His remarks came in response to the announcement that Changpeng Zhao, the CEO of Binance, was stepping down after pleading guilty and agreeing to pay $4 billion to settle charges related to violations, including sanctions and anti-money laundering laws.

The Department of Justice claimed that Binance willfully ignored U.S. regulations. Miran noted, “Maybe we should streamline a lot of regulations, even though Binance did some evil stuff (helping finance Iran and Hamas).” 

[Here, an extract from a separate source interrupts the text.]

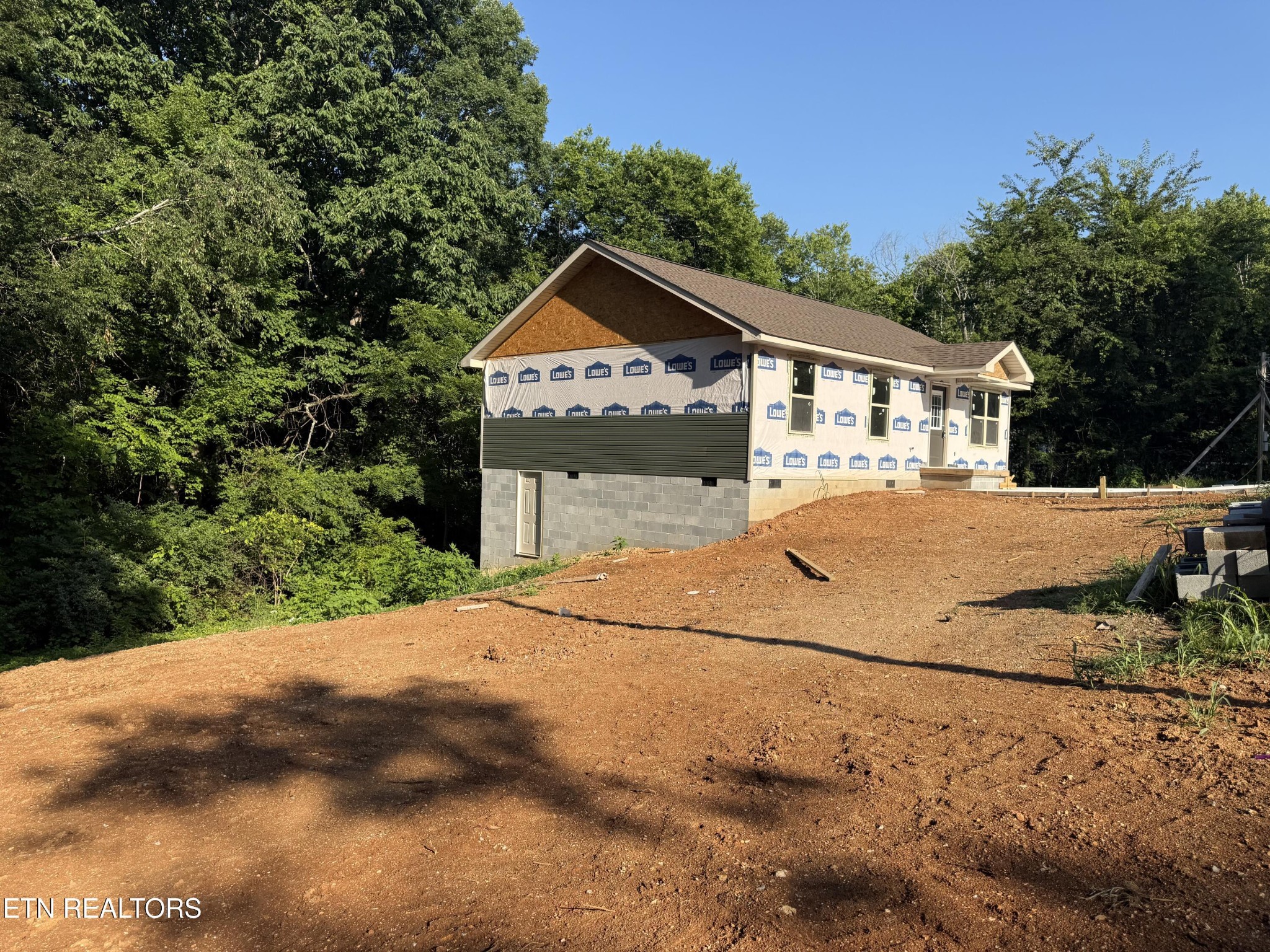 309 Foley Hill Road Clinton, TN 37716 - Photo 3 of 8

Miran has experience as a senior strategist at Hudson Bay, an investment firm that has been trading claims in the FTX bankruptcy, which filed for bankruptcy in late 2022. In November 2023, Sam Bankman-Fried, the CEO of FTX, was convicted on seven criminal counts, including two counts of wire fraud and conspiracy to commit wire fraud, and he was sentenced to nearly 25 years in prison. Miran’s LinkedIn profile also lists previous roles at Fidelity Investments and the U.S. Department of the Treasury.

SEC Finally Settles with Ripple, XRP on Rampage

The SEC and Ripple have decided to withdraw their appeals in the Second Circuit case, bringing to a close one of the most prominent legal battles in the cryptocurrency industry. Due to the dismissal, each side will be responsible for its expenses and fees. XRP was up 14% after the deal was made public

Lawyers for the Securities and Exchange Commission and Ripple Labs have jointly decided to withdraw their appeals in the Second Circuit, seemingly ending one of the biggest legal battles in the cryptocurrency industry. The joint stipulation of dismissal, filed Thursday, stipulated that each party would pay its fees and costs.

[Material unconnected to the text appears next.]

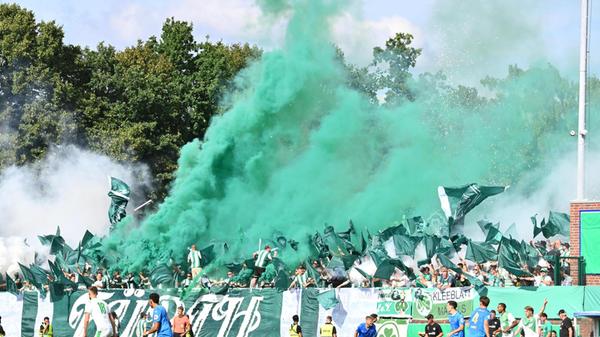 Vor Beginn der zweiten Halbzeit zünden die Fürth-Fans dann die Pyrotechnik, die sie sich vor dem Spiel offenbar noch verkniffen haben.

“We’re closing this chapter once and for all, and focusing on what’s most important — building the Internet of Value,” stated Brad Garlinghouse, CEO of Ripple, in June, announcing the company’s plan to withdraw its cross-appeal.

Judge Analisa Torres’ mixed decision from 2023 will serve as the case’s final ruling, as both parties have now exhausted their appeals. Judge Torres sided with Ripple on “blind bid” sales to retail investors but declared that hundreds of millions of dollars’ worth of XRP sold to institutional investors were illegal securities sales.

Bill Morgan, an attorney, was thrilled, describing it as “the best news” in five years. “The SEC v. Finally, the Ripple case is over. Boom. He underlined, “Appeals dismissed.”.

According to the filing, which was made by Federal Rule of Appellate Procedure 42(b)(1), “each party shall bear its costs on appeal.”. About the SEC’s main appeal and Ripple’s accompanying counterappeal, it stated that the dismissal applies to the “above-mentioned appeals.”.